• Work item: Repeat each record below exactly, dropping the pictures.

-------- Data under study --------

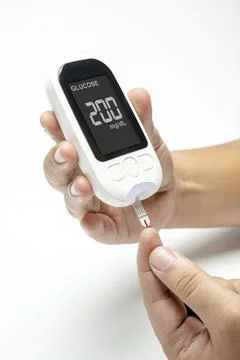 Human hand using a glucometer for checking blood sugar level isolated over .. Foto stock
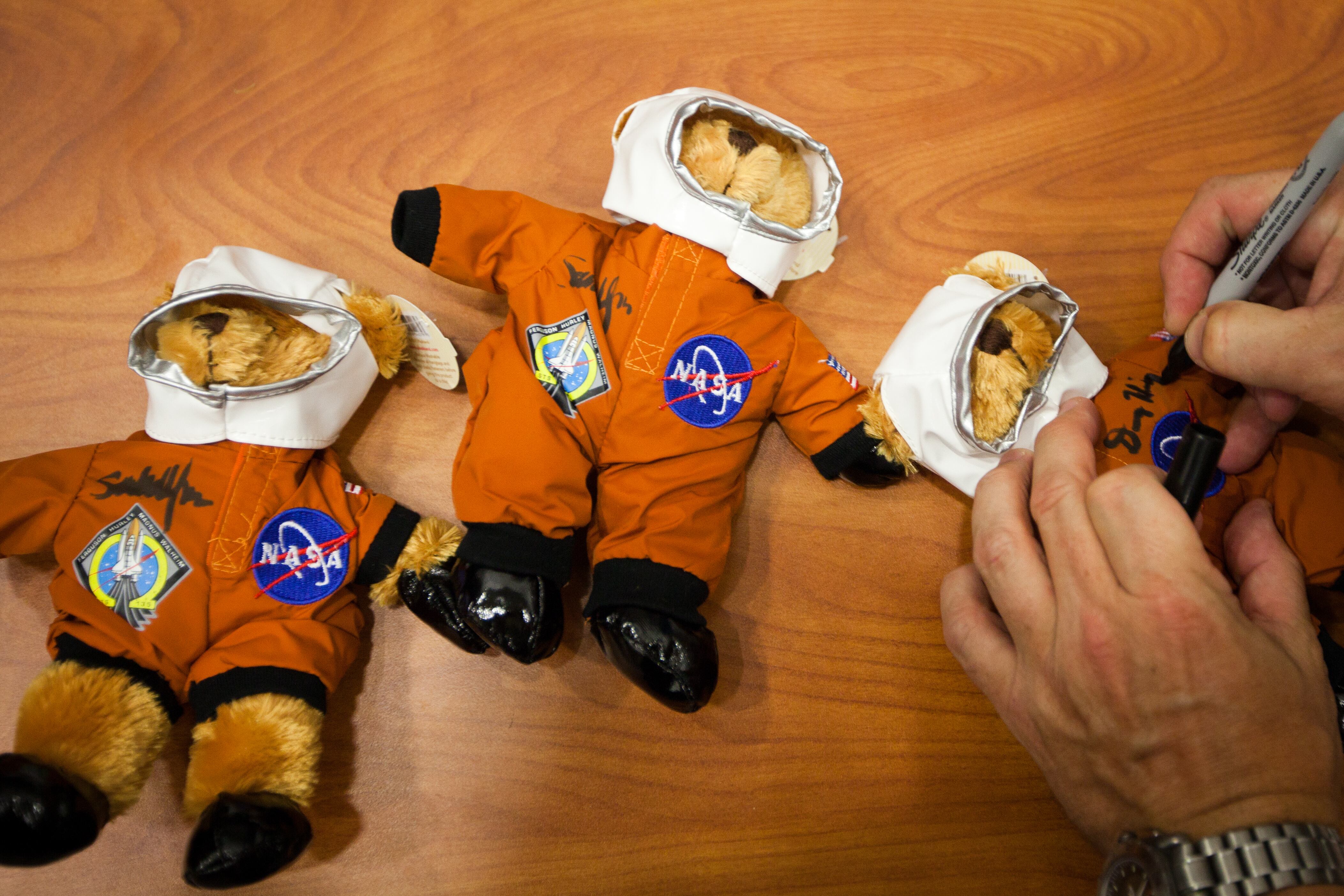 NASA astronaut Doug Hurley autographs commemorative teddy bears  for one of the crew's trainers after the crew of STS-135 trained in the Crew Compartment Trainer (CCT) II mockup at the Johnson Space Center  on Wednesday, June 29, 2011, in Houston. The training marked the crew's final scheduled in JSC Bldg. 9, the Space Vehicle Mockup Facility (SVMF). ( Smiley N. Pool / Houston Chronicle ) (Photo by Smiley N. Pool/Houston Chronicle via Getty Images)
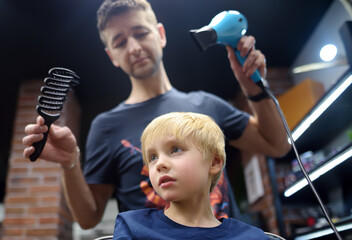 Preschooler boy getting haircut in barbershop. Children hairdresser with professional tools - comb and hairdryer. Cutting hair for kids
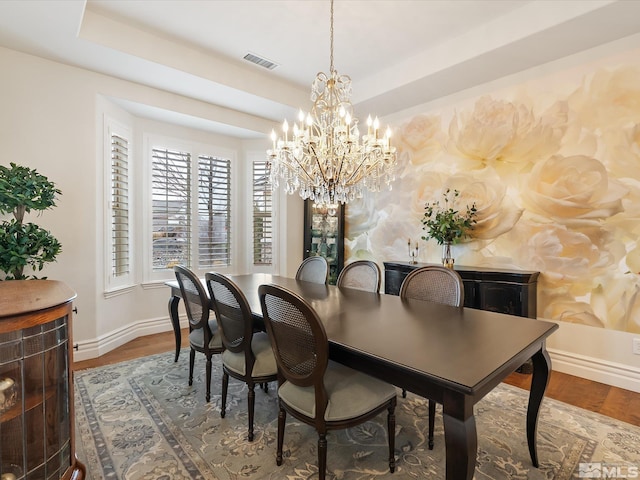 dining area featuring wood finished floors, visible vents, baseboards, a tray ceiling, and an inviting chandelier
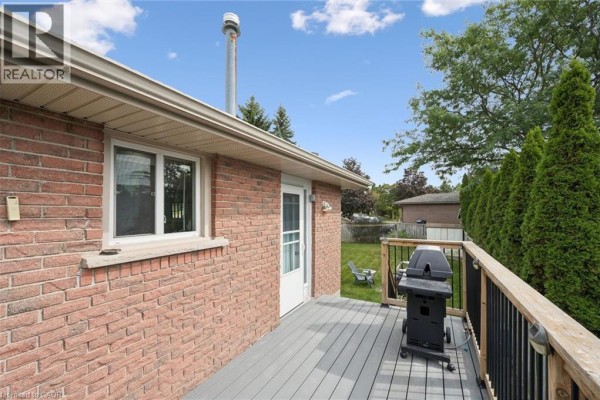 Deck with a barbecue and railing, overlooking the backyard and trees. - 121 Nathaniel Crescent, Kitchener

--------

• Exercise result:
 Human hand using a glucometer for checking blood sugar level isolated over .. Foto stock
 NASA astronaut Doug Hurley autographs commemorative teddy bears  for one of the crew's trainers after the crew of STS-135 trained in the Crew Compartment Trainer (CCT) II mockup at the Johnson Space Center  on Wednesday, June 29, 2011, in Houston. The training marked the crew's final scheduled in JSC Bldg. 9, the Space Vehicle Mockup Facility (SVMF). ( Smiley N. Pool / Houston Chronicle ) (Photo by Smiley N. Pool/Houston Chronicle via Getty Images)
 Preschooler boy getting haircut in barbershop. Children hairdresser with professional tools - comb and hairdryer. Cutting hair for kids
 dining area featuring wood finished floors, visible vents, baseboards, a tray ceiling, and an inviting chandelier
 Deck with a barbecue and railing, overlooking the backyard and trees. - 121 Nathaniel Crescent, Kitchener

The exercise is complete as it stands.